No obstante, dentro del universo de esos estados en que el proceso de unificación étnico–cultural está aún incompleto, existe un subgrupo en que dicho proceso de unificación se ve gravemente obstaculizado porque la resistencia al mestizaje que aún genera el resto del enclave es aprovechada por un ideologismo político, generalmente foráneo, que lo utiliza para enmascarar un intento de subversión del estado. La utilización de esa estrategia ya tiene una larga historia (con antecedentes en Colombia, México, Perú, etc.) y le ha entregado buenos dividendos a los movimientos revolucionarios de extrema izquierda porque la actividad guerrillera goza de un alto margen de impunidad cuando se encubre tras una reivindicación étnica–cultural, puesto que su represión tiene alto costo político para los gobiernos.
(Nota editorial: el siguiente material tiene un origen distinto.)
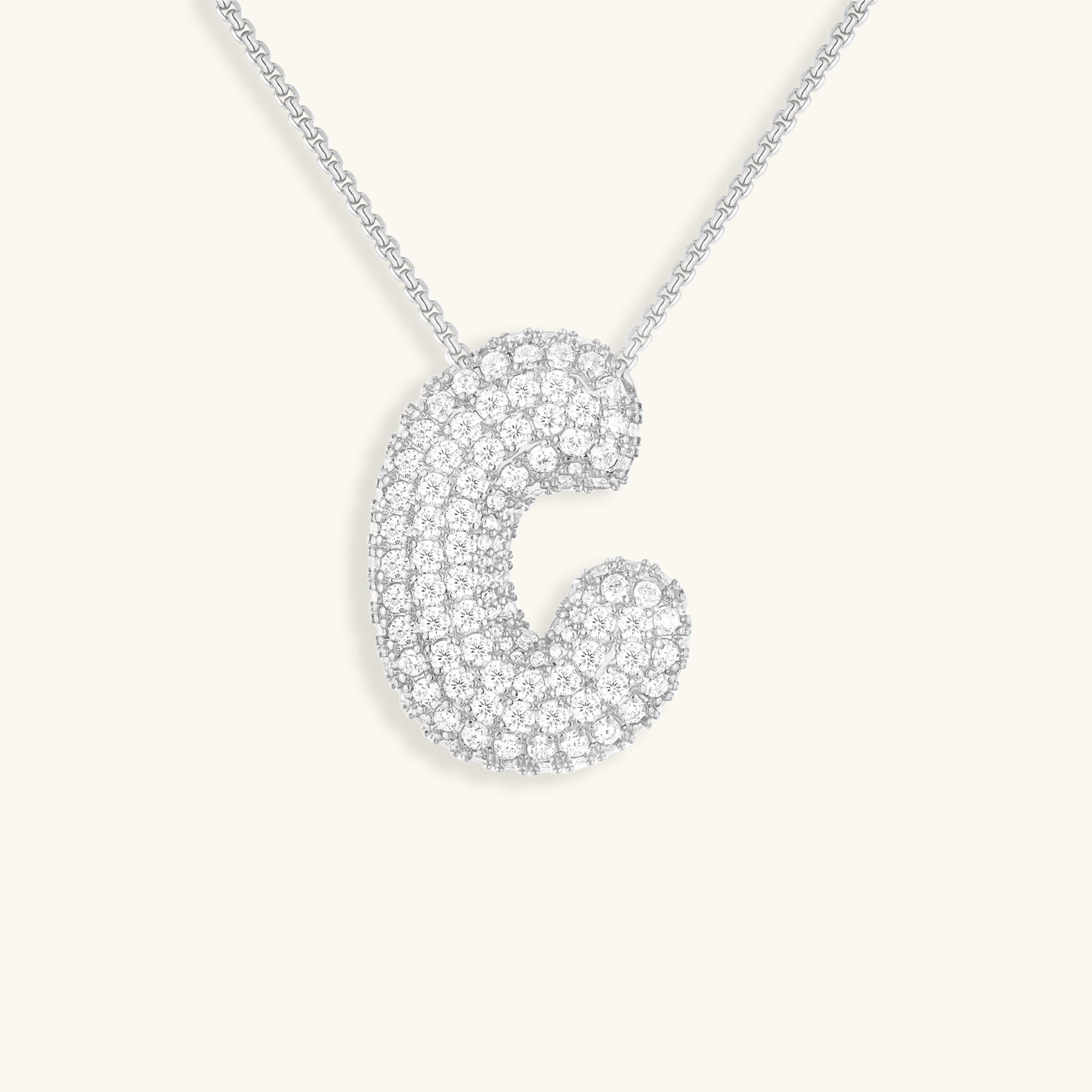 BULLE | Diamond Initial Necklace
Como no puede caber duda de que esto es lo que ha ocurrido con el llamado conflicto mapuche, la solución de este contagio foráneo tiene que estar presente en nuestra respuesta final que resulte de la investigación compartida sobre la solución del conflicto mapuche que nos hemos propuesto.
Por de pronto, lo ya avanzado nos permite un diagnóstico preliminar que podría resumirse con dos afirmaciones inequívocas y conducentes a un programa de solución definitiva:
- El conflicto mapuche corresponde a un tipo muy frecuente en la historia y, dentro de ese universo, pertenece a la categoría de resto de nación étnica–cultural en proceso inconcluso de mestizaje. Su solución final se logra con la culminación de ese proceso. De ese modo, la mejor política para enfrentarlo es la de crear las condiciones para facilitar y acelerar ese mestizaje, sobre todo en el plano cultural.
- Comandos revolucionarios de extrema izquierda se han apoderado del conflicto mapuche para inculcarle una ideología subversiva y para organizar arremetidas de tipo guerrillero en su ámbito territorial. Por simpatía o temor, cuentan con el encubrimiento pasivo de la mayoría que no participa del violentismo. Estos comandos parasitarios deben necesariamente erradicarse por completo para que pueda ser efectiva la política de unificación étnico–cultural que es necesaria para el fin ya señalado.
Si la indagación histórica a la que invité a mis lectores no fuera más allá de proporcionarnos, como ya ha hecho, un diagnóstico certero sobre la naturaleza y circunstancias del conflicto mapuche y apuntado, también certeramente, a los caminos para superarlo y finalmente resolverlo, ya habría cumplido con el propósito que nos planteamos. Pero puede, todavía, ir mucho más allá porque nos puede proporcionar precisas lecciones sobre cómo implementar las soluciones delineadas.
La erradicación del violentismo subversivo que ha colonizado la causa mapuche es un problema técnico que se resuelve con técnicos en posesión de todos los medios y experiencias que se han demostrado necesarios en los ya muchos casos en que gobiernos de todo tipo han enfrentado desafíos semejantes. Esos técnicos y las unidades que comandarán para cumplir su tarea son radicalmente distintos que los que manejan las fuerzas de orden normales, porque éstas están hechas para actuar reactivamente y la lucha antiguerrillera y antisubversiva se gana con anticipación, inteligencia y licencia para neutralizar permanentemente. No es difícil para un gobierno moderno descubrir dónde y cómo reclutar a esos técnicos y a las fuerzas especiales, que ni siquiera necesitan ser muy numerosas.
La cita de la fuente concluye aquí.